El circo es magia y risas, riesgo y humor, donde destaca la frescura a cargo de la troupe de payasos, hombres y mujeres inspirados de sonrisas que disfrazados causan sensación entre los más pequeños y no pocos adultos. El circo es inenarrable encanto de sensaciones sorpresivas, sí. Pero no todo es perfecto. El problema del circo es que se convierte en un espectáculo nauseabundo e inmovilista cuando salta de la carpa a la arena política.
Entonces se pierde todo el atractivo y se asiste a un espectáculo bochornoso, cuando no vomitivo, contemplando a mamarrachos que babean sin disimulo ante la expectativa de acceder al poder mediante descaradas piruetas, enganchados al trapecio del oportunismo; balanceándose como monos, no como meritorios y abnegados trapecistas, en el intento de alcanzar la plataforma de la conveniencia personal y sectaria. Tramposos funambulistas que cruzan sin riesgos el cable de la demagogia puesto a dos palmos del suelo. Contorsionistas en equilibrios racionales e irracionales-las bestias están sueltas- durante un espectáculo repugnante de avaricia e intransigencia. Ese circo de la mamarrachada es el que llegó a Barcelona de la mano de una bufona que se tomó muy en serio el pretexto del activismo social para escalar las posiciones a las que todo arribista aspira cuando se disfraza de clon para hincar sus dientes afilados al estilo de Stephen King y su celebérrimo relato de terror It.
Eso es lo que se nos ha colado dando la bienvenida electoral a un circo de impresentables que, acampando a las afueras con el propósito de anunciarse montando mucho ruido, terminaron por introducirse en la grave vida de una España necesitada de políticos de verdad que no de saltimbanquis, caricatos, bufones, faranduleros y albardanes disfrazados de política. En Venezuela entienden por experiencia sobre este tipo de representaciones circenses que acaban en nefastas payasadas o «maduradas».

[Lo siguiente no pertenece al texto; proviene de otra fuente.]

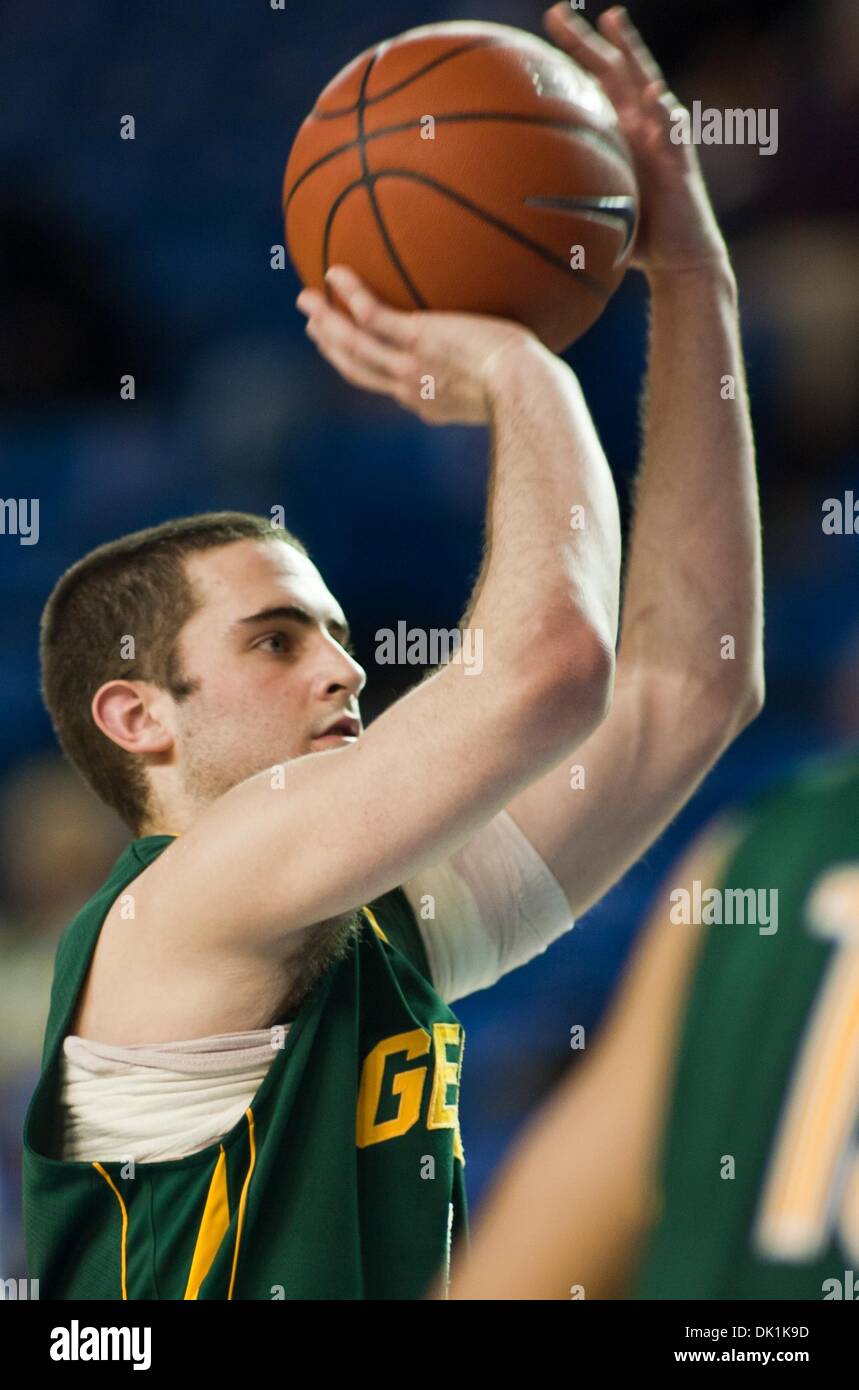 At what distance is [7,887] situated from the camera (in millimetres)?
4363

Ada Colau es para Barcelona la única payasa que por sufragio universal se montó su propio circo, ególatra, radical, desestabilizador y maldito. La esperpéntica «Supervivienda», mala payasa, se lanza con autosuficiencia a cambiar la tradición, el orden establecido y el equilibrio institucional. Requirió para su investidura imanes, rabinos y originalidad. Me temo que el magistral circo del espectáculo controlado perdió una fantoche para que se la ganara a pulso la política de España. El estupefacto y mayoritario público no merece semejante bodrio pero la función está avanzada.

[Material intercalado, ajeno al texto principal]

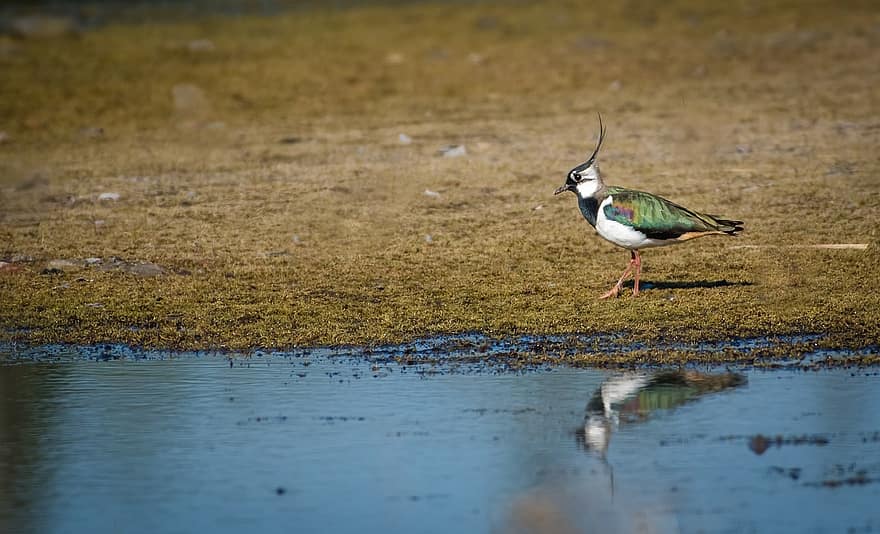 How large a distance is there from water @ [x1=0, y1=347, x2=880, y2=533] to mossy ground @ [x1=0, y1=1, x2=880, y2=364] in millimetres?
1077

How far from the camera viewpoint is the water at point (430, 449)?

Las fieras han salido de las jaulas con la aquiescencia de la radio, prensa y televisión que abrieron las puertas. Bufones todos. Conseguido el propósito de montar la carpa a los barceloneses, pasen y vean a una saltimbanqui de la fingida justicia social convertida en confiada y autosuficiente domadora. Terminará dándose con el látigo en la cara y devorada por las traicioneras fieras manteras y secesionistas que alimenta.
Garbancera e inútil, al circo catalán con esta, aún más, le han crecido los enanos. Todo sea que la confiada se encuentre con una inhabilitación y termine haciendo malabarismos ante la Justicia. Doble salto mortal, tan chula y confiada, para darse de bruces contra el suelo. Entonces se le reirán las gracias de verdad a la payasa Colau. Entonces.